Monitoring and Analytics: Dialogflow CX
- It has options where it Provides insights into chatbot performance, user engagement, and areas for improvement.
Data Ingestion and Data Cleaning
- Chat History Data from both text and audio.
- Supporting Documents and Technical manuals.
- We clean the data and make ready so that it is passed to the data stores in vertex search service, so that it will embedded and stored in the vector database.

4. System Architecture

The Design choices for the chatbot is very carefully constructed such that most of the workflows of customer interactions is predefined unless it is a very complex cases. It will be a constrained interaction where majority(where ever the opportunity persists) of it is either buttons to select from or search from predefined list. This approach would reduce lot of unwanted interactions or abusing of the system. It will be lot of work initially but very worth in the long run.

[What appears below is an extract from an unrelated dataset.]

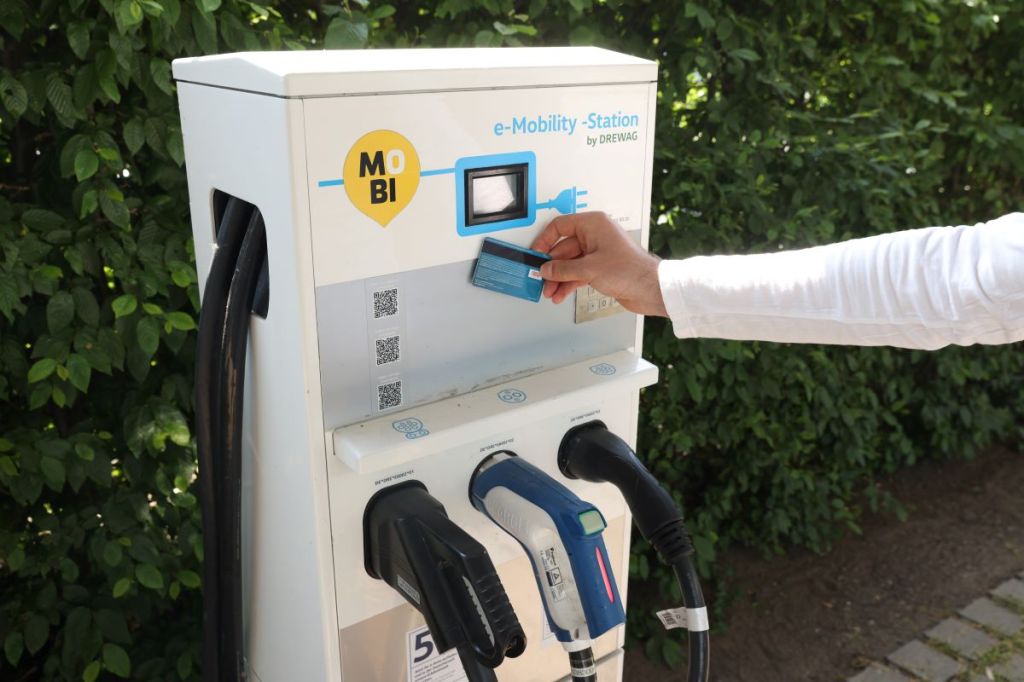 A person holds their credit card against an EV charging station, presumably to pay for charging services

This solution is fully intended to take advantage the power of llms. Since the llms are kind of black boxes and if something goes wrong in the chatbot, it is very difficult to debug, so for that reason where ever the opportunity persists i wanted to have deterministic intents and in other place leverage the power of llms.

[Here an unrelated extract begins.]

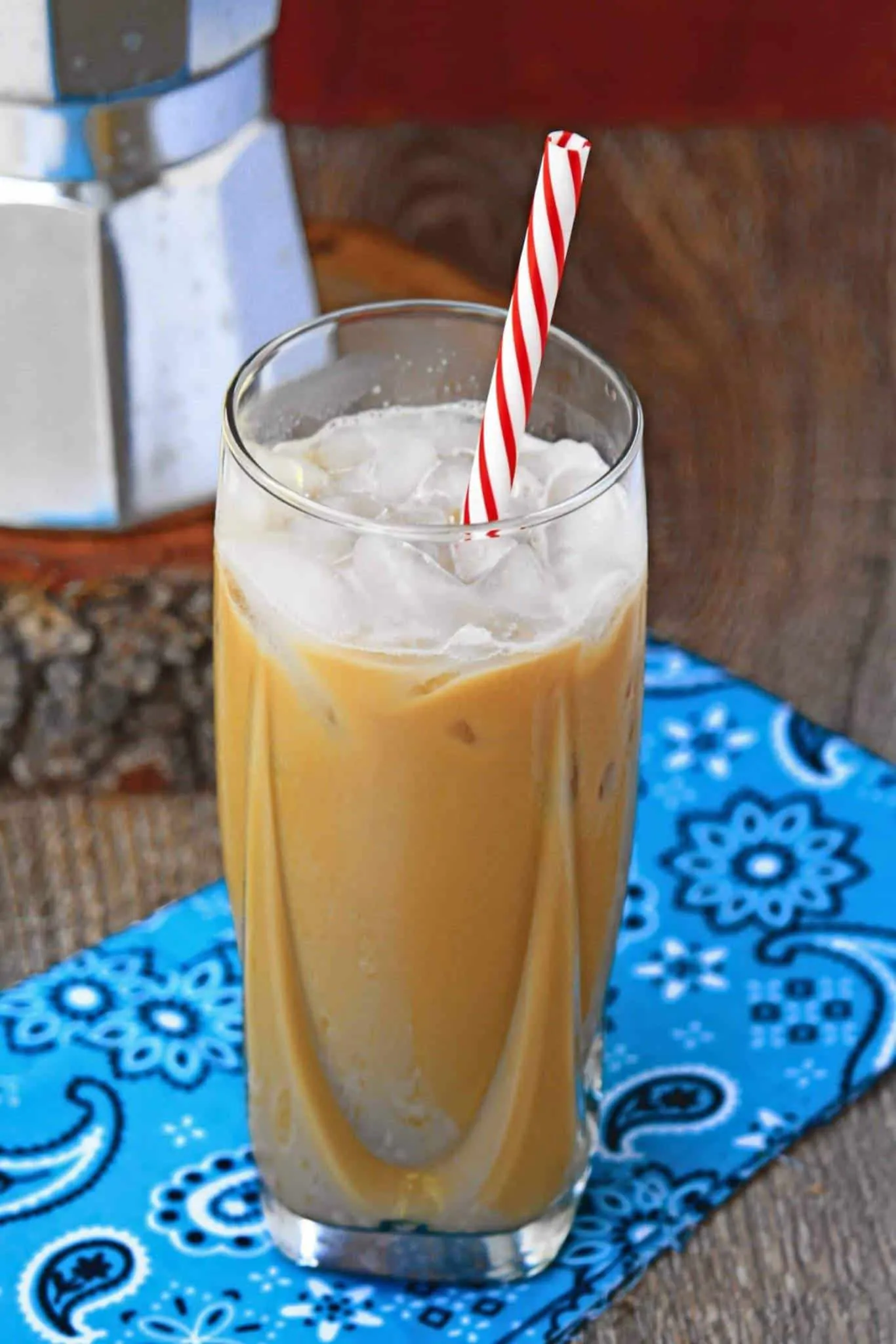 Vietnamese iced coffee with red and white straw.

Note: When Building Chatbots using Vertex AI Agent Builder there are 2 approaches you can choose.

Vector AI Search and Conversation, which is much easier approach where you give all your data to it which will create a data store and make it available to the default chatbot it will build. We don’t have control over the flow of the conversations, it will truly leverages the llms.
Dialogflow CX with Generative models, this approach has much more flexibility. It has the best of both worlds where you can create deterministic intents and plugin generative model aswell.

5. Flow of Operation

Greeting Message: Initial greeting message along with multiple choice options to select is displayed.
User Input: The user submits a response by selecting from the provided options.
User Input Parsing: Since the response is from pre-defined list, it is easy to route to the specific category and based on that it will output the appropriate response. Steps 2 and 3 are repeated until you reach to the point where customer has to input a free text query.
User Input: User Submits the free text query.
Context Check: The Conversation Context Manager checks if there is any relevant context from previous interactions that should be included in the request.
LLM Request: The parsed query is sent to the Vector Search(RAG+Vector Database) to retrieve all the relevant information from customer chat database and supporting documentations. All of these informations are passed to the llms to get appropriate response.
LLM Response: The LLM generates a response, which may include additional contextual information retrieved from the knowledge base.
Response Display: The formatted response is returned to the user via the UI.
Fallback: If the LLM is unable to generate a satisfactory response, the fallback system will either provide an default message or escalate the query to a human agent.
Monitoring: All interactions are logged for analytics and monitoring purposes.

7. Deployment Considerations

Since most of the services are from GCP, vertex AI does provide options to easily deploy the services and also it can scale well. There are definately limitations, if the application is very complex and scale of it really huge then we need to think of other solutions. 

9. Testing & Validation

Unit Tests: Test individual components like the NLP layer, context manager, and LLM integration.
Integration Tests: Ensure smooth communication between LLM, retrieval system, and user interfaces.
Load Testing: Simulate heavy user interaction scenarios to ensure scalability.
A/B Testing: Test different versions of the chatbot response models and fallback systems for effectiveness.

10. Monitoring & Analytics

Key Metrics:
- User satisfaction (via feedback or follow-up questions).
- Query resolution rate.
- Response time and latency.
- LLM usage cost per query.
Tools: AWS CloudWatch, Prometheus, or custom-built dashboards for monitoring chatbot performance.